Banks are notoriously difficult to value. They are so different from non-financial companies that many investors decide to ignore the industry altogether. However, doing so may keep investors from seeing some of the better opportunities the market has to offer.
Instead of building a complex earnings model using the reams of data provided in a bank’s 10-Ks, long-term investors can get away with using a handy shortcut. Since the value of a bank — or any company — is derived from the amount of cash it earns for shareholders, looking at long-term historical return on equity gives investors a sense of how well the company has met its objective in the past — and how likely it is to do so in the future.

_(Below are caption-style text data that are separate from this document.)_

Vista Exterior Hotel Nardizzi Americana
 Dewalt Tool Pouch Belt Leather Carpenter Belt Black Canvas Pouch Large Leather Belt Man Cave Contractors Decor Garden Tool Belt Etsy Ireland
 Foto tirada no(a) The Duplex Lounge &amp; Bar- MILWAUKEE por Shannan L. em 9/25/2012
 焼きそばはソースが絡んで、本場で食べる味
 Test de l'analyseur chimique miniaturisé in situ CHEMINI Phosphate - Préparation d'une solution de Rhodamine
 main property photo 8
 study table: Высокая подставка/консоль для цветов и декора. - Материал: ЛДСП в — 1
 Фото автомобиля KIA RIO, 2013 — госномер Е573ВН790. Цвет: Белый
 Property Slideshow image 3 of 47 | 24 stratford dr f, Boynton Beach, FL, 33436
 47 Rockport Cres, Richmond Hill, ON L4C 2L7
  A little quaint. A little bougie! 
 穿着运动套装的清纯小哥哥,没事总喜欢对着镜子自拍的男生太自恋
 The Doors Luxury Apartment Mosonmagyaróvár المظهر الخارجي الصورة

Return on equity tells quite a story
This article only discusses the largest U.S. banks by assets — Bank of America Corp (NYSE:BAC), JPMorgan Chase & Co. (NYSE:JPM), Wells Fargo & Co (NYSE:WFC), and Citigroup Inc (NYSE:C) — but the method can be applied to any bank.
First, let’s look at each bank’s return on equity over the last 10 years. All four had high returns on equity before the financial crisis, but only two remained positive throughout the crisis and ensuing recession.
That JPMorgan Chase & Co. (NYSE:JPM) and Wells Fargo & Co (NYSE:WFC) maintained profitability during the financial crisis should come as no surprise to close followers of these companies. Chase’s rock-star CEO, Jamie Dimon, limited his bank’s exposure to the sub-prime loans and related securities that dragged other institutions into the red. Dimon has instilled a culture of prudent capital allocation that is reflected in the bank’s out-performance.
The same is true at Wells Fargo & Co (NYSE:WFC), only Wells Fargo’s culture runs deeper. Not only does the bank have a reputation as the most conservative among its mega-bank peers, its unique focus on customer service and cross-selling enables it to generate out-sized returns with less leverage than other banks. This enables the company to earn consistently higher returns on equity than any other major bank.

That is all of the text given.